Data section below:

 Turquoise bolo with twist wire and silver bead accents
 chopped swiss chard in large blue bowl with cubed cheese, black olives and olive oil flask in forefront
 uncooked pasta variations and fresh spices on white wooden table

End of Data section.

Aim of the exercise:
Output every line above without altering anything.

Task result:
 Turquoise bolo with twist wire and silver bead accents
 chopped swiss chard in large blue bowl with cubed cheese, black olives and olive oil flask in forefront
 uncooked pasta variations and fresh spices on white wooden table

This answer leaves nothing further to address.